Unity光源配置:Tiled And Cluster
unity最新的HDRP中采用了Cluster和Tiled的光源配置,这里主要记录光源是如何从Unity当中的Light配置设置到最终Shader的对应Pass当中的。
Cluster是把视锥体看做三维体素,每个体素当中计算影响这个体素的光线,就和Volumetric Fog一样的原理。
Tiled是把屏幕分成格子,对每个格子计算影响这个格子的光源。
Tiled光照列表的计算总共分为三步:
- 计算光照列表的所有凸包
- 使用凸包,计算bigtile的光照列表的大致计算。
- 使用fplt进行更精细的光照列表计算。
##Tile光照列表计算
下面是光源计算,为每一个Tile生成光照列表:
public void BuildGPULightListsCommon(HDCamera hdCamera, CommandBuffer cmd, RenderTargetIdentifier cameraDepthBufferRT, RenderTargetIdentifier stencilTextureRT, bool skyEnabled)
{
var camera = hdCamera.camera;
// 计算光照列表开始
cmd.BeginSample("Build Light List");
var w = (int)hdCamera.screenSize.x;
var h = (int)hdCamera.screenSize.y;
s_TempScreenDimArray[0] = w;
s_TempScreenDimArray[1] = h;
//首先设置Tile的大小 64,64
var numBigTilesX = (w + 63) / 64;
var numBigTilesY = (h + 63) / 64;
// 计算各种矩阵:
m_LightListProjMatrices[0] =
m_LightListProjscrMatrices[0] =
m_LightListInvProjscrMatrices[0] =
m_LightListProjHMatrices[0] = ;
m_LightListInvProjHMatrices[0] = ;
// 如果有光源 ,计算所有光源的AABB包围盒 :见shader:lightlistbuild-bigtile.compute
if (m_lightCount != 0)
{
//第一步计算AABB
var genAABBKernel = isProjectionOblique ? s_GenAABBKernel_Oblique : s_GenAABBKernel;
// 是否正交
cmd.SetComputeIntParam(buildScreenAABBShader, HDShaderIDs.g_isOrthographic, isOrthographic ? 1 : 0);
// 光源数量
cmd.SetComputeIntParam(buildScreenAABBShader, HDShaderIDs.g_iNrVisibLights, m_lightCount);
// 光源凸包数据
cmd.SetComputeBufferParam(buildScreenAABBShader, genAABBKernel, HDShaderIDs.g_data, s_ConvexBoundsBuffer);
// 矩阵数组
cmd.SetComputeMatrixArrayParam(buildScreenAABBShader, HDShaderIDs.g_mProjectionArr, m_LightListProjHMatrices);
cmd.SetComputeMatrixArrayParam(buildScreenAABBShader, HDShaderIDs.g_mInvProjectionArr, m_LightListInvProjHMatrices);
// AABB结果
cmd.SetComputeBufferParam(buildScreenAABBShader, genAABBKernel, HDShaderIDs.g_vBoundsBuffer, s_AABBBoundsBuffer);
int tgY = (int)hdCamera.numEyes;
// 提交计算
cmd.DispatchCompute(buildScreenAABBShader, genAABBKernel, (m_lightCount + 7) / 8, tgY, 1);
}
// 粗糙的Tile计算。
// enable coarse 2D pass on 64x64 tiles (used for both fptl and clustered).

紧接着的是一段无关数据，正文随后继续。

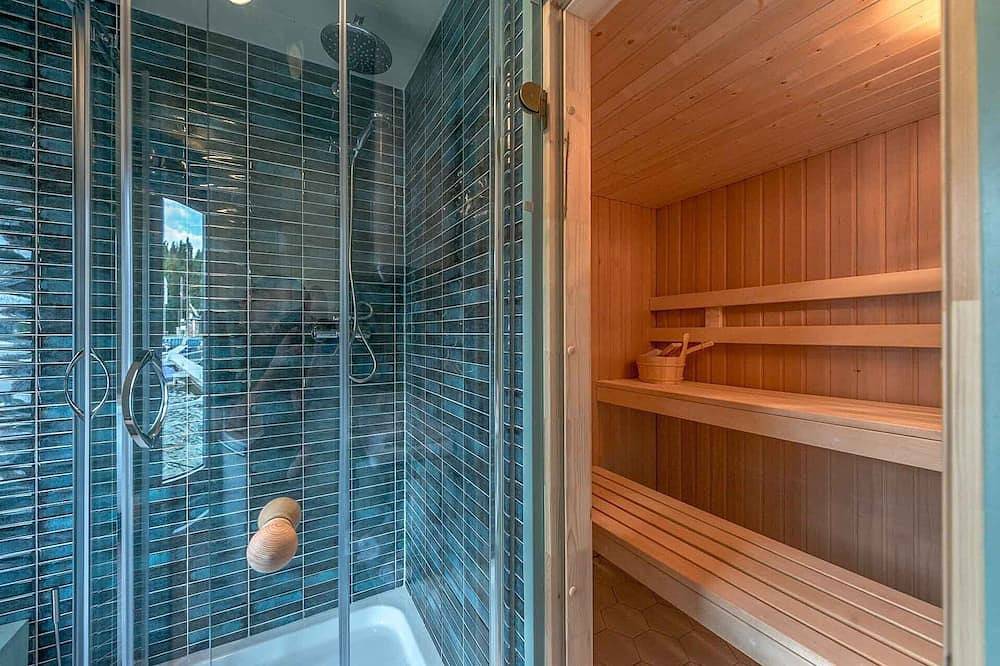 Traumhaff® Verträumtes Hausboot La Pèniche Ii, Ostsee-Design mit Sauna in Vorpommern Greifswald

if (m_FrameSettings.lightLoopSettings.enableBigTilePrepass)
{
cmd.SetComputeIntParam(buildPerBigTileLightListShader, HDShaderIDs.g_iNrVisibLights, m_lightCount);
cmd.SetComputeIntParam(buildPerBigTileLightListShader, HDShaderIDs.g_isOrthographic, isOrthographic ? 1 : 0);
cmd.SetComputeIntParams(buildPerBigTileLightListShader, HDShaderIDs.g_viDimensions, s_TempScreenDimArray);
// TODO: These two aren't actually used...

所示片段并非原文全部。